La irrupción del Real Madrid situó las exigencias por encima de 130 millones de euros y llevó al club francés a cortar las conversaciones. Ni el acuerdo del jugador alteró una postura ligada al equilibrio financiero. Ahora deberá demostrar que no fue una simple excusa.
París se retira ante una operación superior a los 130 millones de euros
Según L’Équipe, el PSG llevaba ventaja en la carrera por Yan Diomandé hasta la irrupción del conjunto blanco. La puja del Real Madrid disparó la indemnización, las exigencias económicas y las comisiones de intermediarios, dejando el coste total por encima de los 130 millones de euros previstos por París.

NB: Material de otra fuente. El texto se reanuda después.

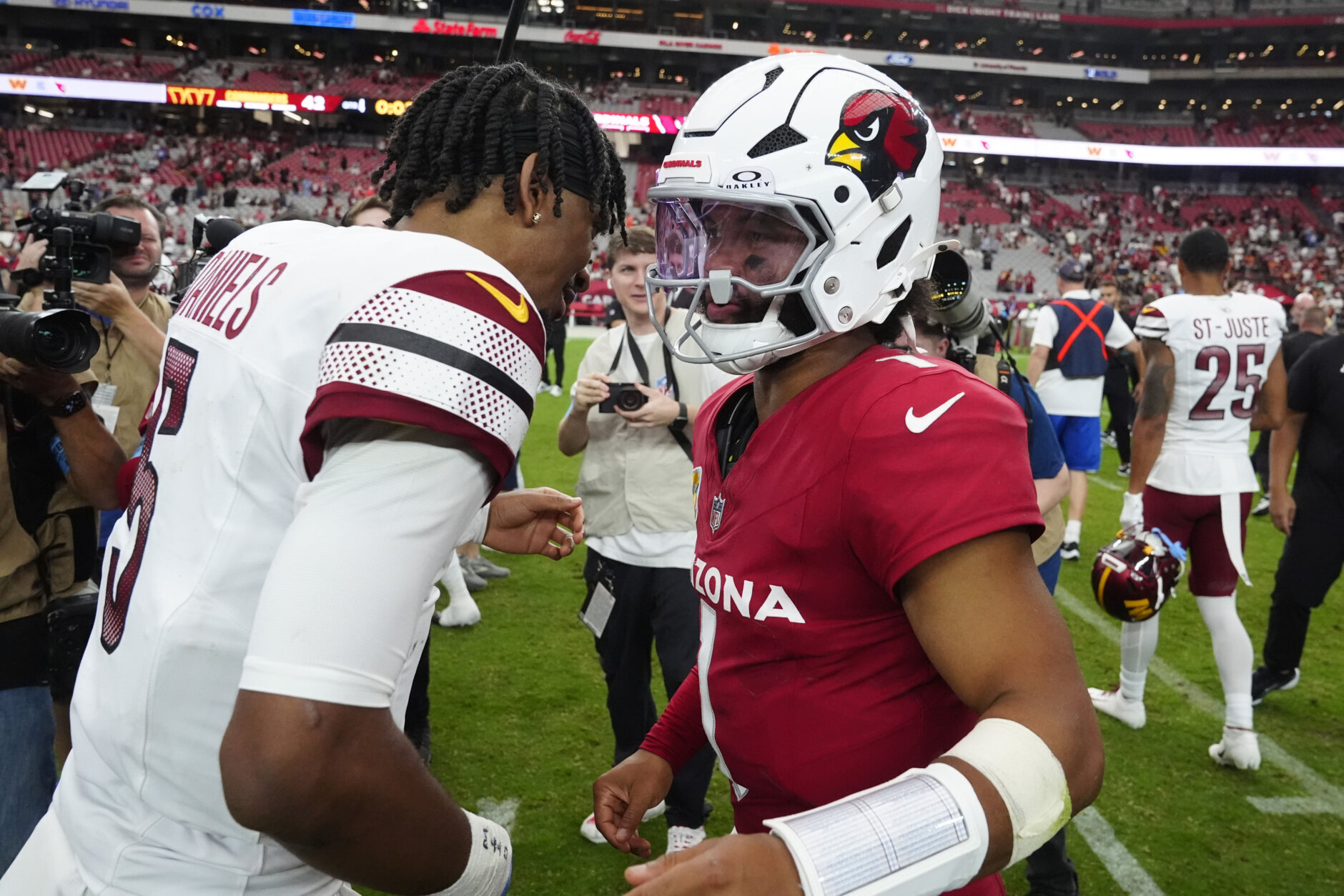 Washington Commanders quarterback Jayden Daniels, left, greets Arizona Cardinals quarterback Kyler Murray after an NFL football game, Sunday, Sept. 29, 2024, in Glendale, Ariz. (AP Photo/Ross D. Franklin)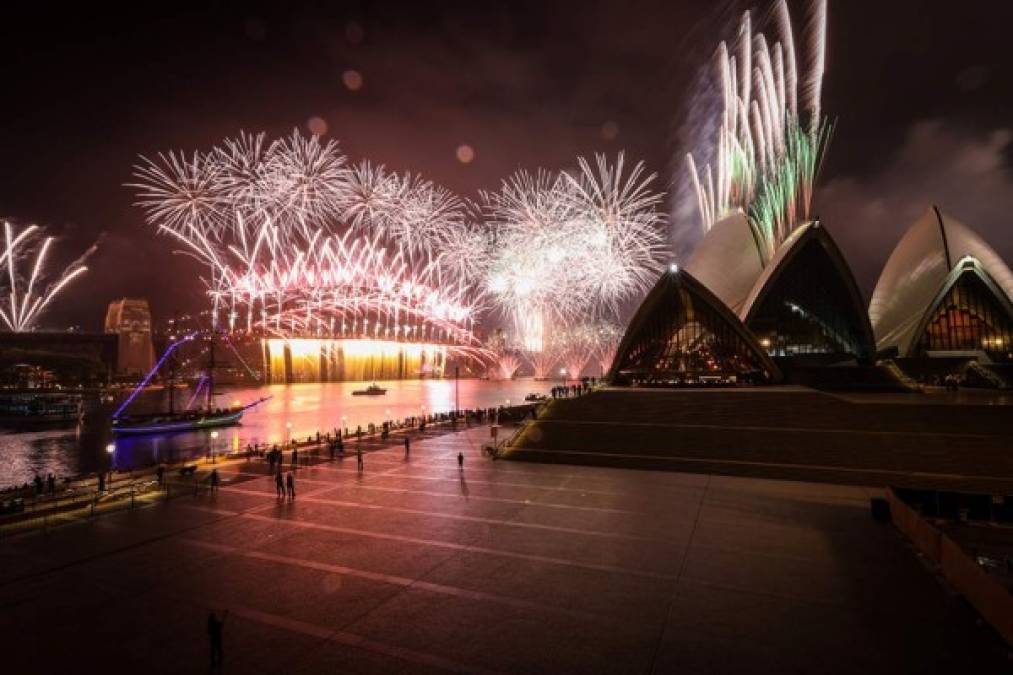 AUSTRALIA. Se puede ver una explanada de la Ópera de Sídney abandonada frente a los fuegos artificiales que estallan desde el Puente del Puerto de Sídney.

El jugador ya había dado su aprobación al proyecto parisino, pero la entidad abandonó la negociación. Rebasar su límite salarial habría contradicho el criterio fijado por la dirección deportiva. París rechazó así una escalada capaz de tensionar sus cuentas, incluso tratándose de un objetivo prioritario, y quiso romper con decisiones más impulsivas del pasado.
La nueva política financiera queda bajo examen tras los últimos fichajes
París presenta ahora a Khvicha Kvaratskhelia como referencia de su nuevo rumbo financiero. Su llegada, por unos 70 millones de euros tras rendir al máximo nivel, respalda la gestión racional defendida internamente. Abonar casi el doble por Diomandé, con 19 años y todavía en la segunda división española un año antes, entrañaba riesgo.
La coherencia de ese discurso se medirá durante los próximos mercados. Las inversiones recientes en Randal Kolo Muani, Manuel Ugarte e Illia Zabarnyi recuerdan que el PSG pagó cifras elevadas por perfiles sin garantías plenas. Por ello, la credibilidad del club dependerá de mantener esta línea cuando surja un objetivo codiciado y toque competir con una potencia europea.